A sigh escaped her lips as she sadly put the paperwork down on her desk and walked over to the impromptu bed she had made out of her leather sofa. She was about to sit down when the quiet was broken by a knock on the door.
It's probably just the maintenance staff, she thought dismissively and sat down, slipping off her heels. The knocking continued though, and after it had gone on unabated for at least a minute Stacy finally caved and, slipping on her shoes, walked over to the door. With the click of her lock unlatching, she opened the door, only to find Greg waiting behind it. He looked, if anything, pensive.
"Hey," he said.
"Hey," was all Stacy could think to respond.
"I came to apologize for walking out on you in the park." His eyes were averted in a way that appeared almost embarrassed.
Awkward though the situation was, Stacy felt inexplicably comfortable with it. "It's okay," she replied conversationally as she leaned against the door frame. "Did you cure the patient?"
He nodded. "Lupus. The one thing it never is."
"You came all the way over here and up three flights of stairs just to tell me that?" she asked skeptically, nodding at his cane.
"There's an elevator."
"I know, but…all the way here for that?"
"No," he said softly. "I came to tell you that if you need a place to stay for a while, you can stay at my place."

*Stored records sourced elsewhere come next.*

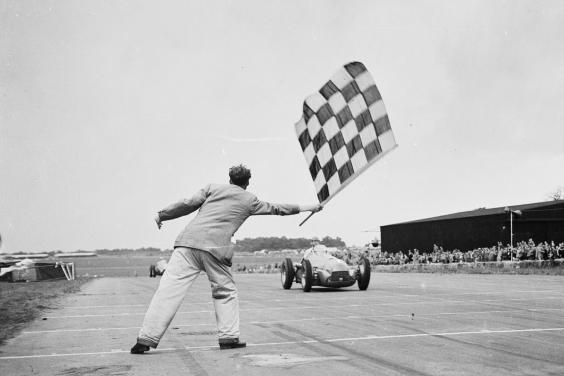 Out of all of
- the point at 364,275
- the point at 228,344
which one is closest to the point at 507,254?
the point at 364,275

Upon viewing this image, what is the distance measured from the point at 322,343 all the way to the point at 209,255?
4.38 feet

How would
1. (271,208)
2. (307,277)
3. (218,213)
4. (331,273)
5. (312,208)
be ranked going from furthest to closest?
(331,273) → (307,277) → (312,208) → (271,208) → (218,213)

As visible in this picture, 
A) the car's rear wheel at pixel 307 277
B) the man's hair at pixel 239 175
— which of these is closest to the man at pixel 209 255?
the man's hair at pixel 239 175

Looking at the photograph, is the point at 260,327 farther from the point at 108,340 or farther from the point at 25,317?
the point at 25,317

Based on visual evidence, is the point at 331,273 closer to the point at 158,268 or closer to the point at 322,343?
the point at 322,343

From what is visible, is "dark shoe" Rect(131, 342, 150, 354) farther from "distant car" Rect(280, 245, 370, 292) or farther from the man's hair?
"distant car" Rect(280, 245, 370, 292)

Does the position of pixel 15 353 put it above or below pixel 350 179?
below

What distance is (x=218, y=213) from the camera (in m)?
6.01

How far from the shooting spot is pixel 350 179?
6.91m

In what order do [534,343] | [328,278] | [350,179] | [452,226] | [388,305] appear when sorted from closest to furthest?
[534,343] < [350,179] < [388,305] < [328,278] < [452,226]

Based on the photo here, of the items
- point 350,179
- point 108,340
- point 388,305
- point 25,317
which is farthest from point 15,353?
point 388,305

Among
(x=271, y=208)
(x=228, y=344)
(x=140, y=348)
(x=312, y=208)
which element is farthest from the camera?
(x=312, y=208)

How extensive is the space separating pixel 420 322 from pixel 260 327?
1.89 m

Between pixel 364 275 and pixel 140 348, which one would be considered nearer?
pixel 140 348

Stacy was tempted to say no, that she was fine, that she was comfortable in her office, but as she opened her mouth to speak, she saw Greg staring into her eyes. She knew she shouldn't. Legally, living with House could be damning in the divorce proceedings with Mark. But his gaze…it was intense, yet soft, and spoke of greater passion than words could convey. Almost as though by holding her gaze, he thought her could prevent himself from having to hear the word 'no'. More than that though, there was a quiet vulnerability in Greg's eyes that she had seen far too rarely since she'd known him. "I'd like that," Stacy said finally, and taking her coat, she walked down the hall to the elevator beside the limping Dr. House.